Nice exBieriment, but I‘m unclear as to why you fermented with a lager yeast at 20°C. This temperature is also outside the range give by the manufacturer.
also, Kölsch is an Ale, so I‘m also unclear as to why you fermented with a Lager yeast.
It’s fairly common to treat Kolschs like a cream ale. “Too cold” for an ale or “too high” for a lager. Either way you are getting minimal ester production. I like using White Lab’s Cream Ale Blend WLP080. Clean, clean, clean and clean.
Also, thank you for doing this. I haven’t used secondary in nearly a decade, unless I’m doing an extended bulk aging. If I age a barley wine in bottles or a keg, there isn’t enough left in November – March.
My personal opinion, like a lot of stuff, the moving of the beer is a hold over from the “dark days” of homebrewing. From ’77 to the late 80’s you were luck to find yeast that was only a little expired and you never new how old your cans of Minton’s were. It was probably necessary to move it.
I believe WLP 080 is actually a *blend* of a lager and an ale yeast.
Is the recipe correct? I don’t worry much about style guidelines but that recipe is a dead ringer for a (delicious) helles, vs a kolsch (Munich malt not wheat, Augustiner yeast not a kolsch yeast…)
Love these experiments, however it is always a pale lager or something simple.I would guess people are dry hopping or whirlpooling, so why not do that test and include those findings?
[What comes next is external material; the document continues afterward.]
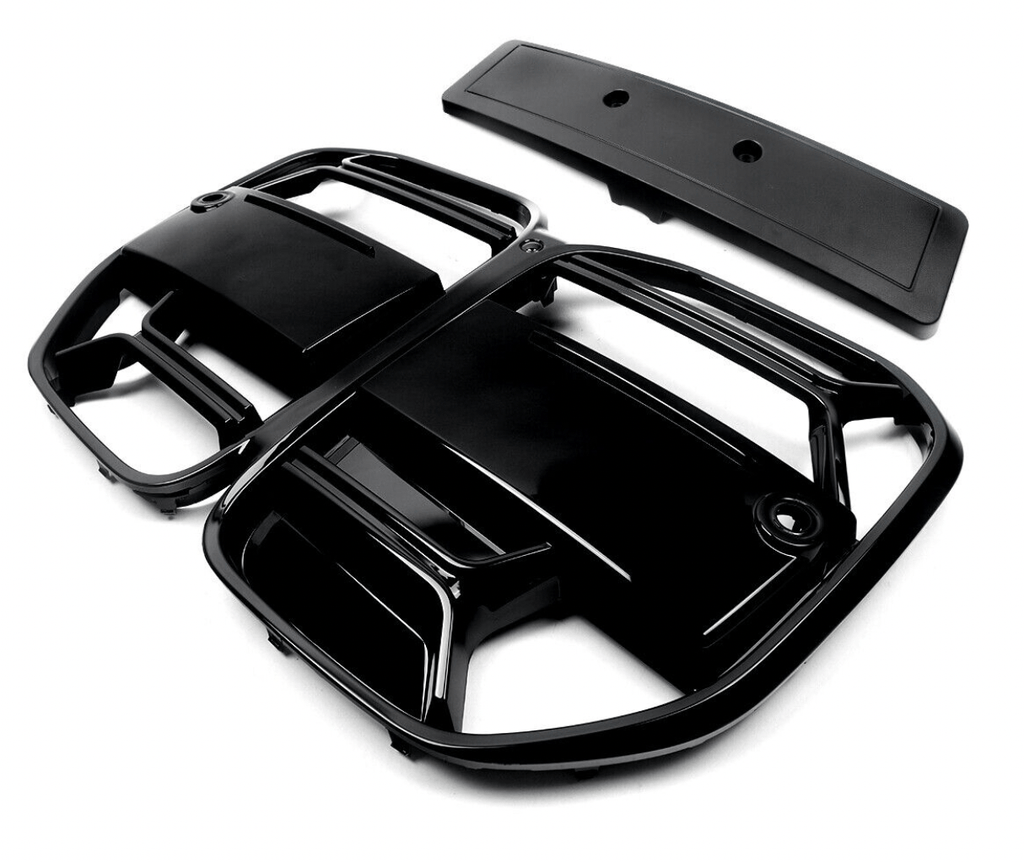 Gloss Black CSL Style Front Grille for BMW 4-Series G22 G23 2021+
When I look at the method I would argue that both beers were on trub. One just had more. Therefore, I am not surprised that no difference was detected. To avoid this issue a power filtration and force carbonation is needed. I bottle my beers and they always have sediment: mini-trub. Some I keep for many months with no off flavours. Salud!
I’m one of those who serve directly from the fermenting keg. The 6 gallon kegs are perfect for a 5.25 gallon batch, can immediately be cold crashed on gas when fermentation is complete, and if you add a spunding valve to the mix it starts the crash partially carbonated. Floating dip tubes complete the setup. No transfers is better than any transfer, and there’s one less keg to clean and sanitize.
I’ve never detected off flavors, but love the experiment to get some independent verification – thanks for doing it.
Awesome! I serve straight from my Fermzilla. Would be intrigued to see if similar results would happen with a massive dry hop…
I’ve made Kolsch about a dozen times and from these batches the thing that I found made the biggest improvement was using Kolsch yeast and fermenting in the stated temperature range of this hybrid. Order of preference for Kolsch yeast: Wyeast 2565, Wyeast 2575, Imperial G03, White Labs WLP029.
Without Kolsch yeast I don’t think you can say it is a Kolsch. Otherwise, how is the above recipe different than a Helles or German Pilsner? The real eye opener for me was a trip through Germany. When you get to Koln there is no way that you ever think you are drinking a Helles or Pilsner. A fresh bottle of Früh also makes the difference very plain.
I’ve been pressure fermenting and serving out of the same corny keg for 3-ish years now. If I had a dollar for every one who has tried to lecture me about “yeast autolysis off flavors” I’d have a decent chunk of change at this point.
As a homebrewer of 15 yrs these have been the best beers I’ve ever made at home. I end up drinking the 5 gallon keg either by myself or with friends in about 2 or less months after it’s ready and I’ve never experienced off flavors from them during this timeframe.
I’ll never go back to cleaning separate FVs for my homebrews.
Why or why not, given the forgiving lager yeast fermenting warm option …. use lager and ale yeast together … ale yeast working the top the lager yeast the bottom?